The most common use for absolute pressure sensors is reading manifold pressure. PSIa sensors are required if you wish to measure vacuum. A PSIa sensor will read about 14.7 PSI when the sensing element is exposed to atmospheric pressure at sea level however they can be recalibrated to read zero at atmospheric and a negative number at values less than atmospheric pressure.
- Brass sensors accurate to within 3% of full scale (pressure sensors)
- High-quality sealed sensor housings are virtually impervious to automotive fluids (360-degree welded wetted area)
- Connector and pins included
- Accuracy: +/- 3% Full Scale over -40C to 105C includes Repeatability, Hysteresis and Linearity
- Operating Temp: -40C to 105C / -40F to 221F
- Burst Pressure: 150PSI
- Response Time: < 1ms
- Vibration:100 to 2000Hz, 20g Sinusoidal, 3 Axes
- Sensor Body: Brass
- Wetted Materials: 304L & 316L Stainless Steel
- Thread: 1/8" NPT Male Thread
- Weight: < 85 Grams
- Supply Current:
- Output: .5 to 4.5Vdc Linear
- Elec.
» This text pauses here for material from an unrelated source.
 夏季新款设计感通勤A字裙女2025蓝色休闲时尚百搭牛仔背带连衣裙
Termination: Integral weatherproof connector, includes mating connector, pins & pin lock
- Includes: 75 PSIa or 5 Bar Brass Sensor, Connector, Pins & Pin Lock
Which Pressure Sensor is right for you?
There are many different tools that can be used for measurement, but the degree of accuracy is dependent upon the tool. For example, a ruler can measure distance with a good degree of accuracy, but for a more precise measurement a caliper should be used. The difference between a brass pressure sensor and a stainless steel pressure sensor is similar if we think about it in these terms:
Brass Pressure Sensor = Ruler
Use a Brass Pressure Sensor where you need a good reference to what pressure is being seen.
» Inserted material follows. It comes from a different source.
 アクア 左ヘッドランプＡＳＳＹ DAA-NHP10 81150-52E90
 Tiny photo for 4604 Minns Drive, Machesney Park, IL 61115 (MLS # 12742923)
Example: Brass Pressure Sensor used for a Boost Gauge – Reference/Information for knowing manifold pressure, not for ECU calibration.
Stainless Pressure Sensor = Caliper
Use a SS Pressure Sensor where you need exact details of the pressure.
Example: MAP Sensor information for the ECU – Calibration/crucial information for the ECU.